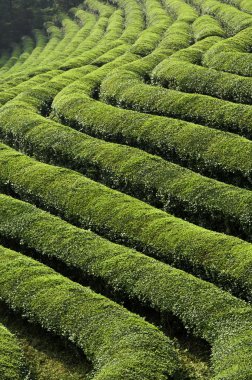 Green Tea Fields clipart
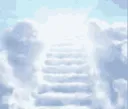 TakoAscending TakoAscending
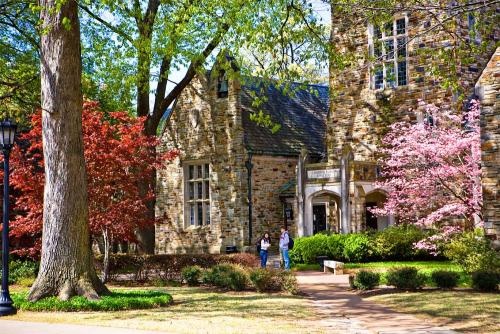 罗德学院怎么样,罗德学院澳大利亚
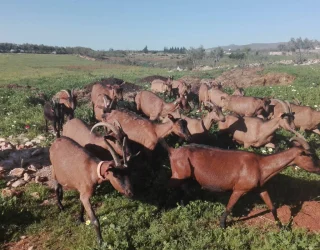 Geiten boerderij in Marokko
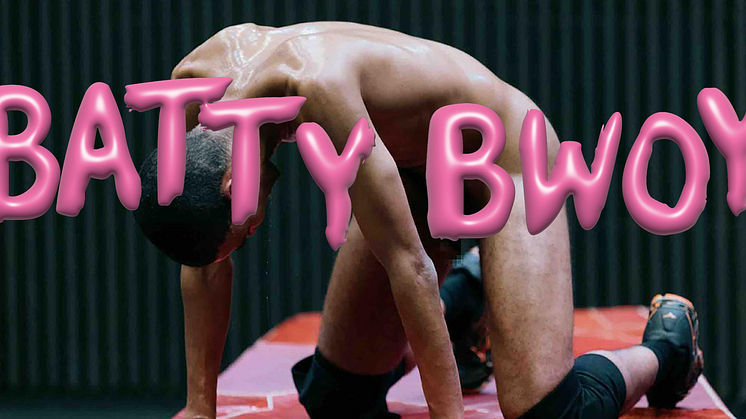 bilder hemsida 2014x1024_batty.png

▬▬▬▬▬▬

## Description of the task
What you output must match the data exactly, apart from the pictures, which are left out.

## Task result
 Green Tea Fields clipart
 TakoAscending TakoAscending
 罗德学院怎么样,罗德学院澳大利亚
 Geiten boerderij in Marokko
 bilder hemsida 2014x1024_batty.png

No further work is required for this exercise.